Endpoint and Cerebellum recorded at Juniper Hill for their Slamdek
releases during the same set of days. Cerebellum first entered the studio on
a cool
Saturday morning, March 2, 1989. Endpoint came in the following Saturday afternoon,
March 11, as Cerebellum was mixing and finishing up. The two projects were
studies in contrast. Endpoint’s was seventeen songs, while Cerebellum’s
was five. Endpoint’s had a focused sound, while Cerebellum’s deviated
by the song. A party at Karen Sheets’ parents’ house on Friday,
March 17 capped the excitement of the time. Both bands played steamy sets in
the basement, as Bush League, playing out for the first time, opened. Two live
Cerebellum tracks, “Guard” and “Hurt,” taken from Karen’s
jam box recording of the
show, later appeared on the 1989 Christmas tape.
One interesting note is that the second song, “House,” contains
a tribal/rock drum beat, which, alone for four measures, was intended to begin
the song. A problem with the tape reel, however, caused the drum intro to be
distorted. This happened during mixing when it was too late to fix. The band
decided to omit the drum intro and just have the song start. When Sunspring
covered “House” for the 1991 Christmas tape, drummer John Weiss
learned the song from a tape of the Karen Sheets show, which included the drum
intro. So the original, intended beginning of the song could finally be heard.

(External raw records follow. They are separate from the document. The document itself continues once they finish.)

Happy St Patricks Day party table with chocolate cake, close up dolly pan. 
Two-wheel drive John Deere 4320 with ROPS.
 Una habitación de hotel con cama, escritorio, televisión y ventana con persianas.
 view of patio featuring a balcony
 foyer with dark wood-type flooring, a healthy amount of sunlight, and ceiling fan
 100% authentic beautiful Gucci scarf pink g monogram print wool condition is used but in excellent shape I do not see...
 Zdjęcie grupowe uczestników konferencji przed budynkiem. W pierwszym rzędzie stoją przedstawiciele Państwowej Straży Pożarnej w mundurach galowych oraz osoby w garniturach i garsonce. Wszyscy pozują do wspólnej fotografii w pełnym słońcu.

As fate would have it, though, a recording error on Sunspring’s master
DAT clipped the first two beats. This went unnoticed until days after the band
had left the studio, after which it was too costly to remix the entire song
for the sake of the intro.
Sunspring’s recorded version of “House,” therefore begins
just as Cerebellum’s does: straight in.
March 2, 1989, Cerebellum at Juniper Hill:
Jon Cook and Drew Daniel.
For the fourth song, “Marble,” Drew takes a break from rhythmically
banging on metal objects, to take the vocal duties. It begins with acoustic
guitars, and Drew’s soft, smooth, wide open voice. This makes it a deadringer
for the Smiths, and was, oddly enough, written the night before they went into
the studio.
The final track is the I don’t feel quite so right and I want to feel
better but I don’t know how anthem , “Calm.” Sung by Joey,
he always contended that “Calm” was a live experience and should
have never been recorded. In any event, the six minute, fifteen second epic
which closes the Cerebellum cassette is a testament to the band’s abilities,
and versatility.
By the time anyone’s life was changed by hearing the Cerebellum tape,
the feeling was ancient history. Cerebellum broke up in June 1989, three months
before the release of the cassette. Jon, Tim, Will, and Drew had been working
on a new set of songs under the name Crain. During a series of disputes, Breck
and Joey ultimately left the group thinking it was over. To their surprise,
the remaining members performed the following weekend at the tiny Cafe Dog
on First Street at Broadway. A crowd packed the room which crammed about thirty
people, and the sidewalk which held another fifty or so. Crain began their
performance playing their new songs. Soon enough they broke out some Cerebellum
numbers to the audience’s delight, and Joey and Breck’s dismay.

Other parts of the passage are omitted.